How can I improve performance of this Arcade data expression that joins attributes?

Vinzafy · ‎11-24-2023

Hey all,

Posting this here to see if anyone can help improve the performance of an Arcade script I'm using. The script is essentially a join between a spatial layer and a related table and is used as a data expression in a dashboard.

Though this is currently achieved via a joined view layer, that restricts schema edits to the hosted feature layer and I'm hoping to get away from that. Additionally, another use case I have joins three related tables which you can't do with a joined view layer.

In the simpler case of joining one related table, the base of the script I got was from this github page (and pasted below). The only minor change I made was to specify fields for the feature sets as opposed to returning all fields.

If I use that data expression as a source for a dashboard item (e.g,. an indicator), load times are around 75 seconds vs. 3-5 seconds though a joined view layer.

Is there anyway to improve performance of this script? It would help immensely. My other use case where I join three related tables currently takes around 2.5 minutes to load. Though it works as expected, the load times are brutal.

Any help is greatly appreciated! Thanks all.

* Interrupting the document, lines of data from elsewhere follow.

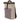 Ucon Acrobatics Jasper Mini Lotus Rolltop - Rucksack 16'' 42 cm (nude/grape) - Markenkoffer
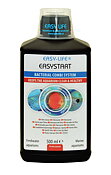 Easylife - Easystart Bakteriekultur 500ml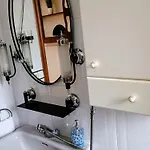 アパート Casa Matbel コルドバ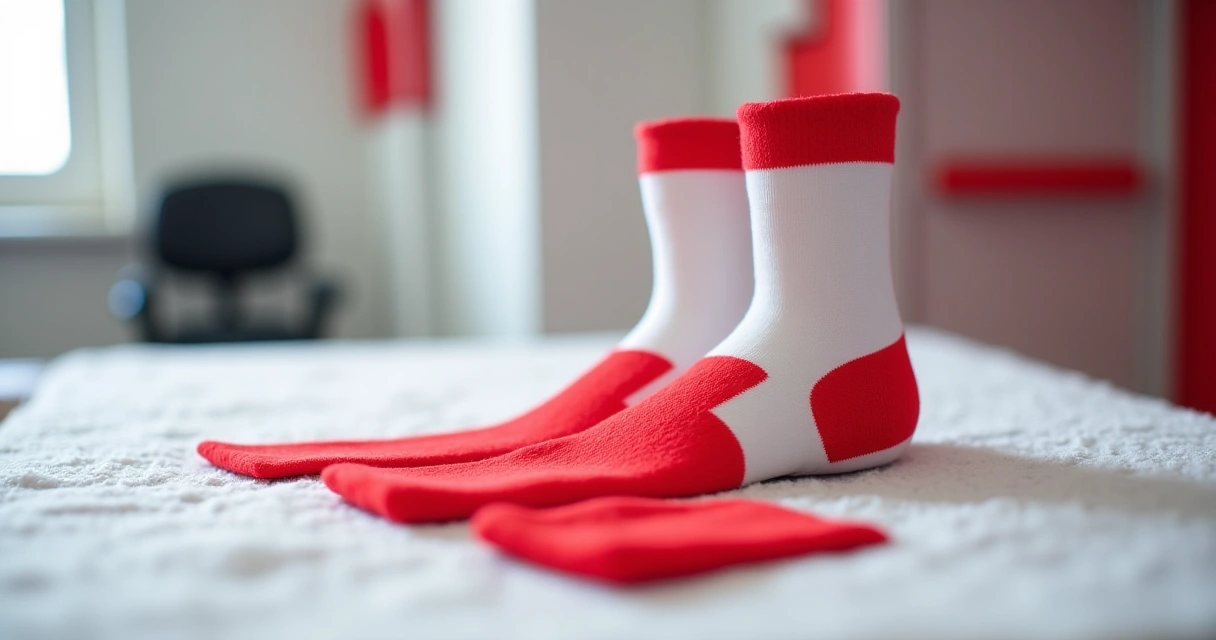 Best Compression Sleeves for Reducing Muscle Soreness in Spring Marathon Training on Hilly Courses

var portal = Portal("https://www.arcgis.com/");
var polyfs = FeatureSetByPortalItem(
    portal,
    "4dbbad3d6f694e0ebc7c3b4132ea34df",
    0,
    ["*"],
    false
);

var tablefs = FeatureSetByPortalItem(
    portal,
    "4dbbad3d6f694e0ebc7c3b4132ea34df",
    6,
    ["*"],
    false
);

// Create empty features array and feat object
var features = [];
var feat;

// Populate Feature Array
for (var t in tablefs) {
    var tableID = t["FeatureID"]
    for (var p in Filter(polyfs, "HydroID = "+tableID)){
        feat = {
            attributes: {
                FeatureID: tableID,
                Name: p["DPS_Region"],
				ModelID: t["ModelID"],
                AddressCount: t["AddressCount"],
                MAX_TSTime: t["MAX_TSTime"],
            }
        }

    Push(features, feat)
    }
}

var joinedDict = {
    fields: [
        { name: "FeatureID", type: "esriFieldTypeString" },
        { name: "Name", type: "esriFieldTypeString" },	
        { name: "ModelID", type: "esriFieldTypeInteger" },
        { name: "AddressCount", type: "esriFieldTypeInteger" },
        { name: "MAX_TSTime", type: "esriFieldTypeString" },
    ],
    'geometryType': '',
    'features':features
};

// Return dictionary cast as a feature set 
return FeatureSet(joinedDict);

JohannesLindner · ‎11-26-2023

Arcade is built to optimize queries to the server where the actual data is stored. So when you call FeaturesetByPortalItem(), the fs isn't actually loaded into your local RAM, it just creates a connection to the fs on the server. This is done to then optimize Filter(), Intersects(), First() and so on to send as few as possible query requests to the server.

This approach doesn't work with calling these functions in a loop. You're basically bombarding the server with hundreds to thousands filter requests (one for each feature in the fs), which slows the script down to a crawl. The developers are aware of this, but I wouldn't hold my breath waiting for a solution, it's basically a known limitation at this point. The intended approach is to use a joined layer.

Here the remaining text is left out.